### EXERCISE:
Repeat only the lines below that run from the line with "Bunny Rabbit Rabbits" to the line with "Потолочная люстра светодиодная", ends included; skip every picture.

### DATA FOR THIS EXERCISE:
——————
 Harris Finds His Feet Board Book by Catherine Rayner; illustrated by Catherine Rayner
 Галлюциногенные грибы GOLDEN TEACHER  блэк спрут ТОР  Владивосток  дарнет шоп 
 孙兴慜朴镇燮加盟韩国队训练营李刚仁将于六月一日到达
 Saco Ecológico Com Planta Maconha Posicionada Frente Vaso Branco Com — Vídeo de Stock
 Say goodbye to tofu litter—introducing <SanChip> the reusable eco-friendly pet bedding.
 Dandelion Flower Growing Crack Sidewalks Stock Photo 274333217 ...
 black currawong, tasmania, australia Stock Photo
——————
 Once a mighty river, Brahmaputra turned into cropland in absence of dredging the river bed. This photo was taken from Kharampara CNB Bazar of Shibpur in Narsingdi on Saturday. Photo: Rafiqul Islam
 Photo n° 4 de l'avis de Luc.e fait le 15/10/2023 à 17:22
——————
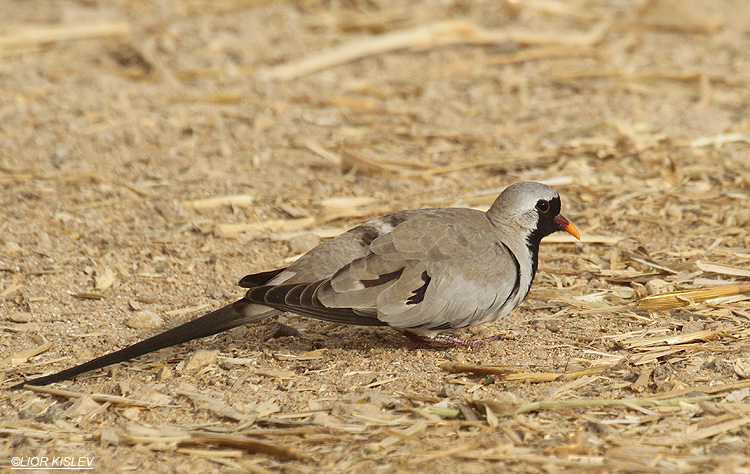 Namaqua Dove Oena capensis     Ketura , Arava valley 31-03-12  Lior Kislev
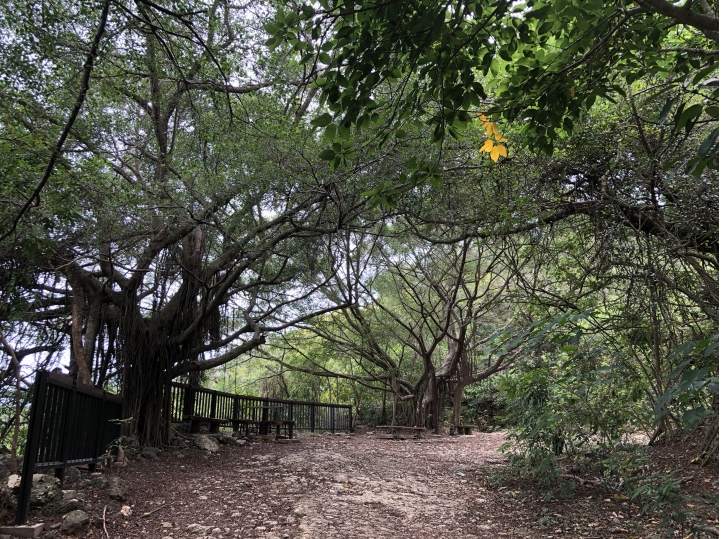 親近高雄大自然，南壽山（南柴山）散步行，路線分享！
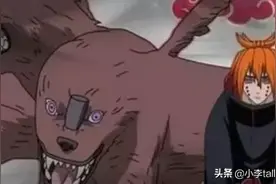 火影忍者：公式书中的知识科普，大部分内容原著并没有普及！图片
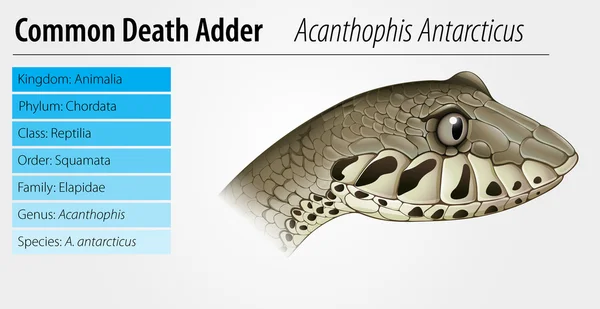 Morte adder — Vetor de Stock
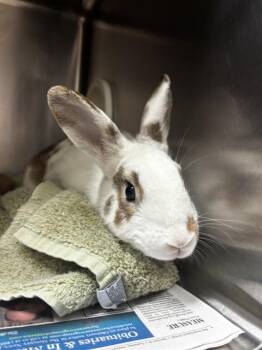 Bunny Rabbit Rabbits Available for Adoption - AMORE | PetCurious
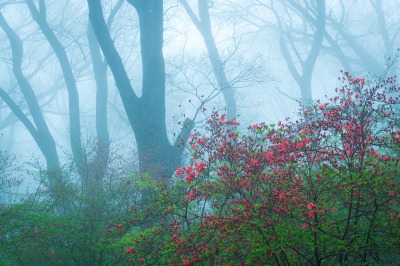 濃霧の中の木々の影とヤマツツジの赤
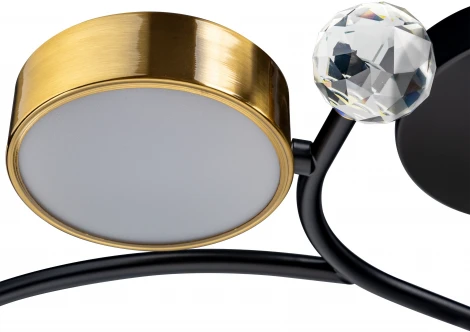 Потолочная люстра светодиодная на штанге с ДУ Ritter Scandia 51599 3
——————
### OUTPUT OF THE EXERCISE:
 Bunny Rabbit Rabbits Available for Adoption - AMORE | PetCurious
 濃霧の中の木々の影とヤマツツジの赤
 Потолочная люстра светодиодная на штанге с ДУ Ritter Scandia 51599 3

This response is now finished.